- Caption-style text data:
++++++++

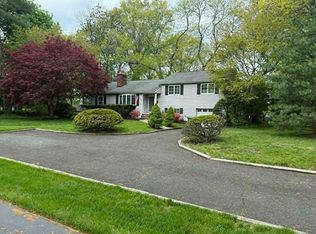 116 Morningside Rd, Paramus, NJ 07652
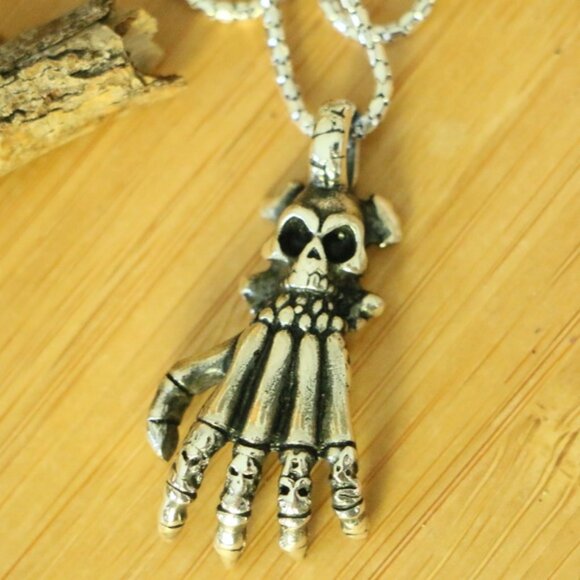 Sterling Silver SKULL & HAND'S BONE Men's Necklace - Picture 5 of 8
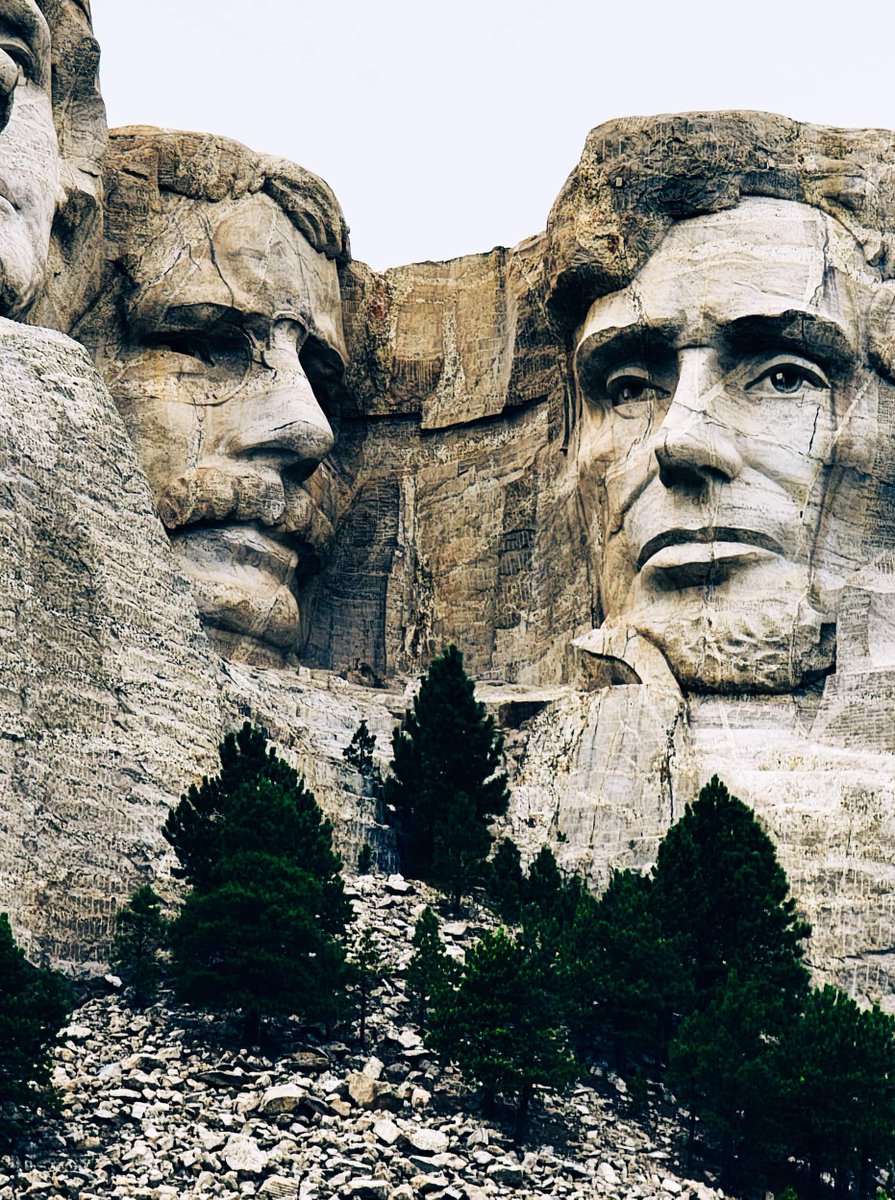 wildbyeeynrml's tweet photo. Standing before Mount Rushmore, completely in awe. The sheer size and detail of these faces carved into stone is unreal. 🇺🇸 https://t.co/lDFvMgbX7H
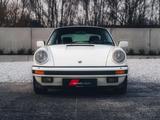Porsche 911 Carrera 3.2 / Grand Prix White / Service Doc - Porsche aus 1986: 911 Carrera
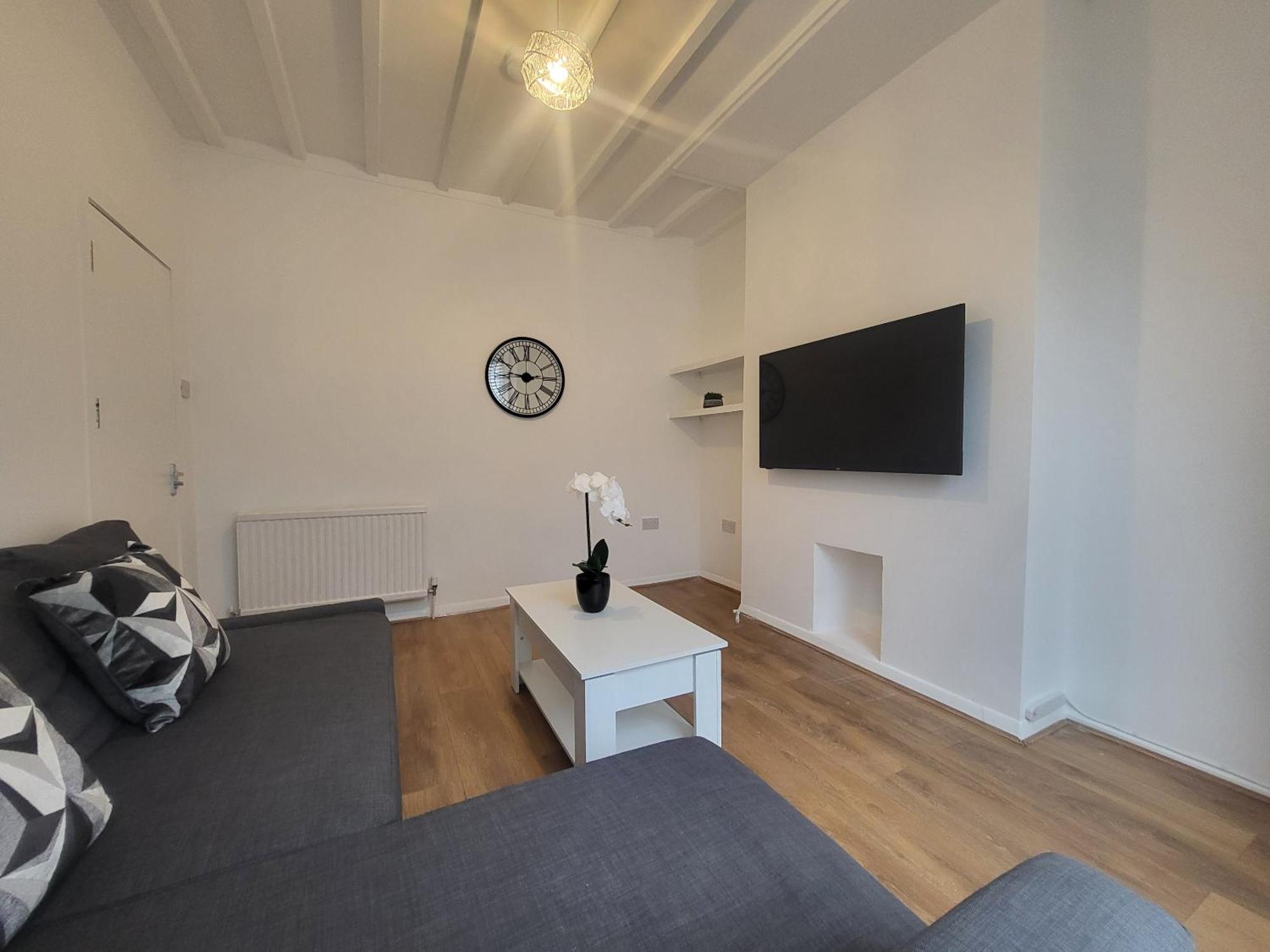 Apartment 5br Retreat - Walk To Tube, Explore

++++++++

- Your task:
In the copy, every entry appears exactly as written above and no picture appears.

- Your response:
 116 Morningside Rd, Paramus, NJ 07652
 Sterling Silver SKULL & HAND'S BONE Men's Necklace - Picture 5 of 8
 wildbyeeynrml's tweet photo. Standing before Mount Rushmore, completely in awe. The sheer size and detail of these faces carved into stone is unreal. 🇺🇸 https://t.co/lDFvMgbX7H
Porsche 911 Carrera 3.2 / Grand Prix White / Service Doc - Porsche aus 1986: 911 Carrera
 Apartment 5br Retreat - Walk To Tube, Explore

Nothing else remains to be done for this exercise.